When it comes to writing, you could use the starting points that poems offer, often as a result of the conversations that crop up out of the reading and performing. It is better to let this grow rather than say: let's imitate that poem.
Other starting points are the stories and anecdotes that you and they tell, or read from a book. Poems can relate these, or you can freeze a moment in the story and from within that moment you can be someone or something - a character or an object - and from that person or thing's point of view you can write about what you might be thinking, seeing, saying, hearing or doing (or just one or two of these things).
Using those questions, you can move from situations (eg being told off, not wanting to go to bed, sitting in the doctor's waiting room, eating breakfast, yawning) to characters (eg yourself, your mum, Superman), to objects (eg a leaf, the sun, a parking meter, a car wheel) and write using those seeing, saying, hearing, thinking and doing questions.
These questions also give you a critical language.
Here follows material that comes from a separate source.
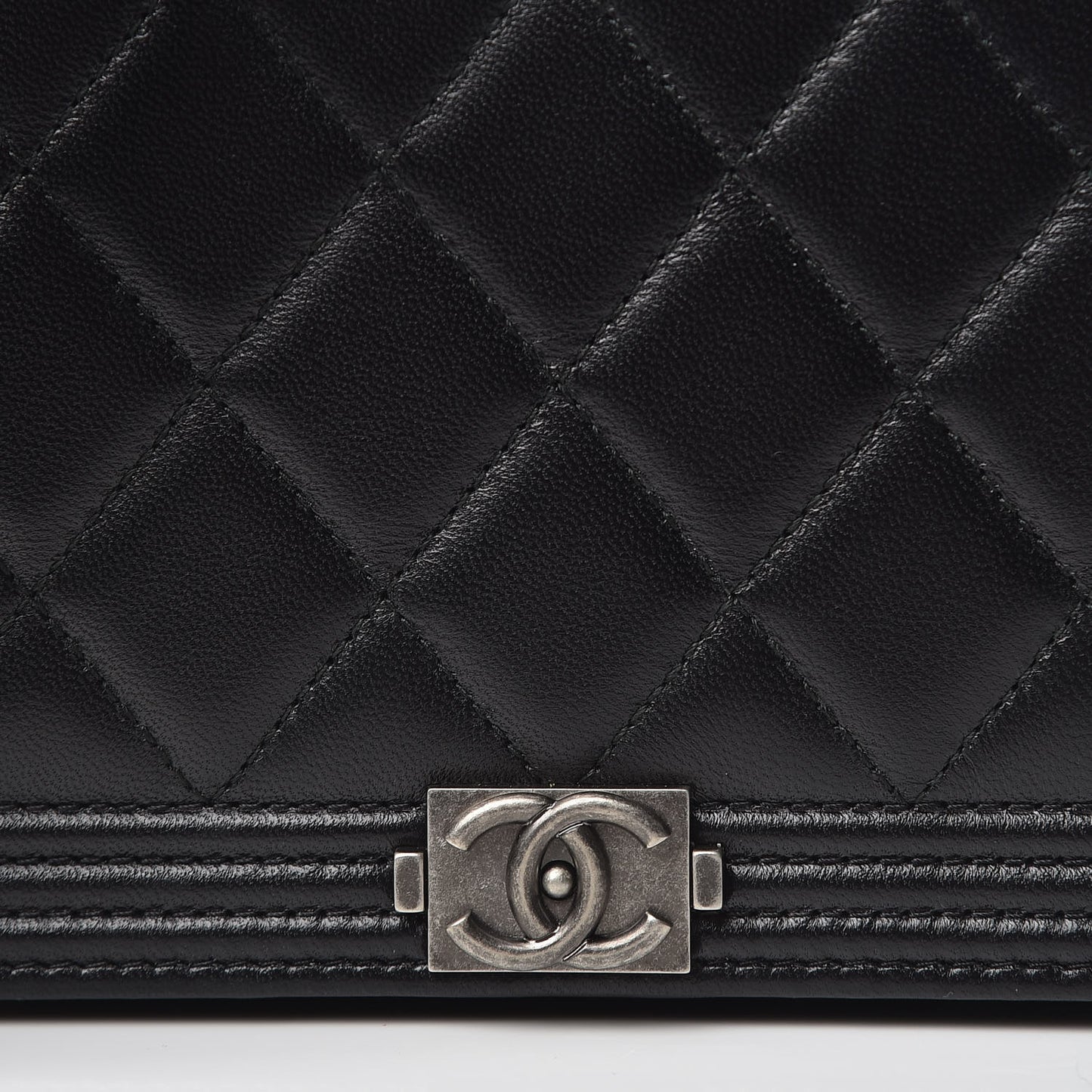 Lambskin Quilted Boy Wallet On Chain WOC Black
Most poems are made up of seeing, saying, hearing, thinking and doing. We have another raft of names for it, (monologue, imagism, stream of consciousness, action, narrative and the rest) but the terms I use are simple and accessible. It means that when you come to look at poems you and the children can ask: am I reading about seeing or thinking here? Or is it doing and saying?
In short, I don't believe there are simple quick answers to writing thoughtful, well-made poems. Of course, you can ask children to copy, imitate and follow formulae handed down from on high and some children will produce. I'm suggesting another pathway - one that should make writing and reading poetry matter to the people doing it, rather than simply pleasing a higher authority.